The real solution lies in you.  When other people don’t respect you, look at the source and the possible consequences.  Don’t take it personally, but also don’t let it go by without saying or doing something in return.

So, what can you do?  First, you have to be strong in your own judgment of the path you’ve chosen.  Being a full-time mother is a wonderful path.  Work is necessary, but for most of us raising children is our most important and fulfilling task.  I hope your children will grow up wise enough to appreciate your dedicated mothering when they’re adults.  Not because you made a great “sacrifice” but because you made a wonderful, life-affirming choice and the children you love could reap the benefits.

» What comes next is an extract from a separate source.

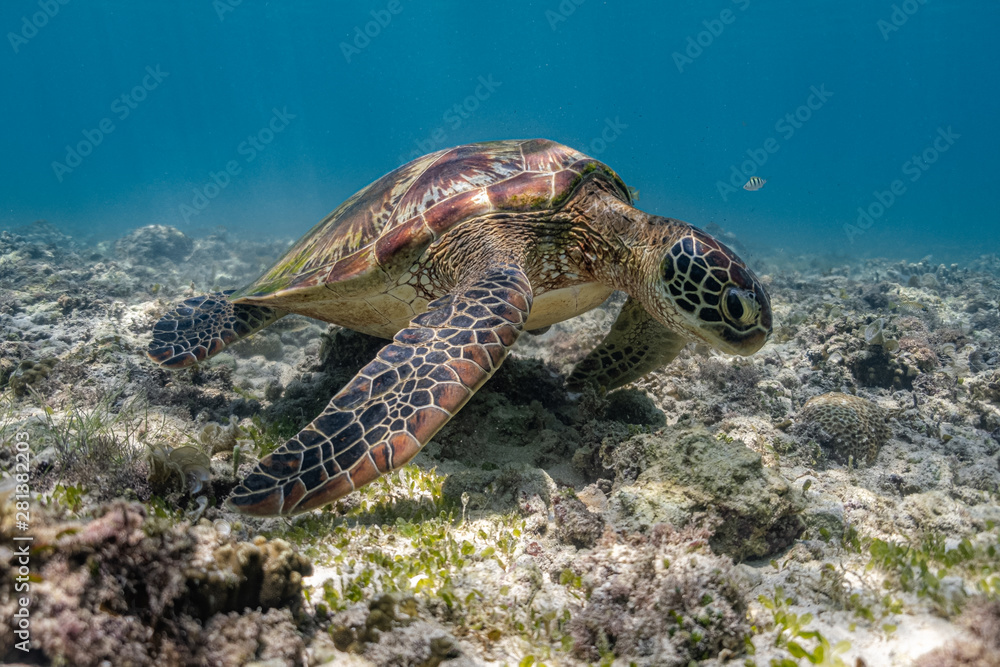 Fototapeta premium Close up view of a green sea turtle feeding on a sea grass. Green sea turtles are herbivores. The jaw is serrated to help the turtle easily chew seagrasses and algae, its primary food sources.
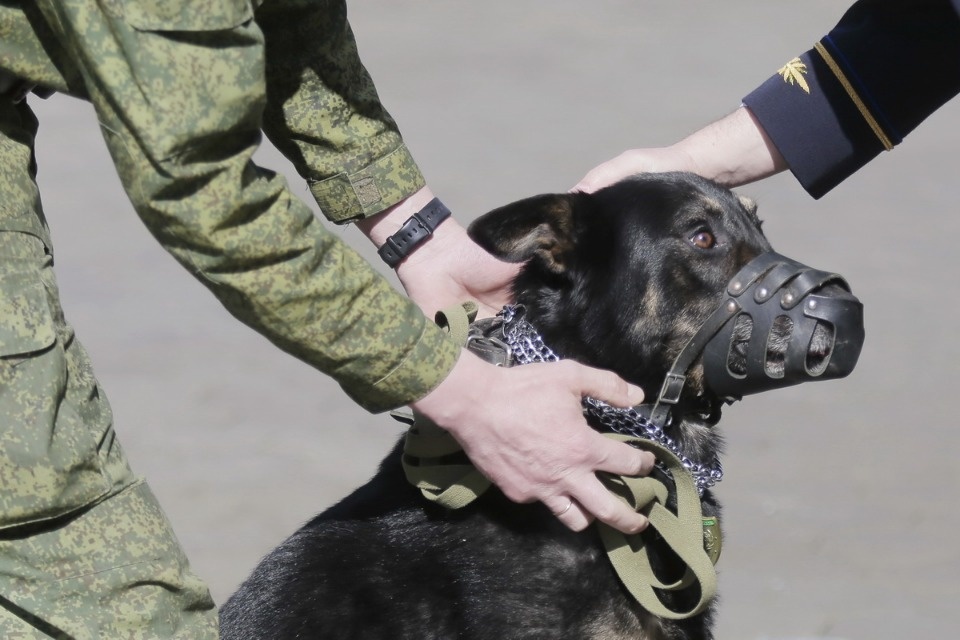 Граница на замке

Instead of taking other people’s judgments personally, go through the world testing other people to see if they rise enough in your estimation for you to keep them on your island.  I hope you find wanting anyone who puts you down for choosing to be a full-time mother.  Their choice to put-down mothers shows their lack of good sense.  Don’t allow the judgment of people without good sense to be important to your confidence or self-esteem.  Don’t let their judgment cause you self-doubt or negative self-talk.  And don’t let them stay in your life.  Instead, surround yourself with people who champion mothers.

I also said that you shouldn’t let their put-downs pass.  Stopping bullies begins when you understand that real-world bullies don’t take your politeness or minimizing or ignoring them as a sign that you’re morally superior or inviting their friendship.  Relentless bullies aren’t stopped by minimizing, ignoring, begging, bribing or appeasement.  Dedicated bullies take the Golden Rule as a sign that you’re weak and also as an invitation to prey on you more.  Doing nothing when you’re the target of relentless bullies is like holding up a sign saying that you’re a victim.

Almost every woman I’ve ever talked to who was taught by a well-meaning mother that she should feel sorry for the inner emptiness, low self-esteem and inner pain of the nasty girls who hurt them that she should ignore and rise above the catty remarks and hatred, now regrets their passivity.  They feel keenly their lack of empowerment and bear the scars of their supposedly virtuous martyrdom.  They wish that their mothers had trained them to fight back skillfully; verbally or physically.

There are many tactics you might try in response to put-downs; depending on you, them and the situation.  Some mothers form their own cliques of supportive mothers.  Others write responses on cue-cards and memorize them for delivery at the right moment.  Some responses are sarcastic put-downs directed toward the women who don’t appreciate mothers or who aren’t satisfied and even joyous with the opportunity to raise children.  Others merely comment on lives wasted at work.  Others use pity: “I’m so sorry that you’re the kind of person who’s not fulfilled and doesn’t set a better example for your daughter (or son).”

I want to recognize an important truth that we often overlook.  We know that we’re doing the right thing successfully when some people (“jerks) don’t like us and scorn our work and its value.  People who put-down full-time mothers fall into that category.  Don’t care what they think; don’t desire their respect.  Instead, get them off your island and let them know it.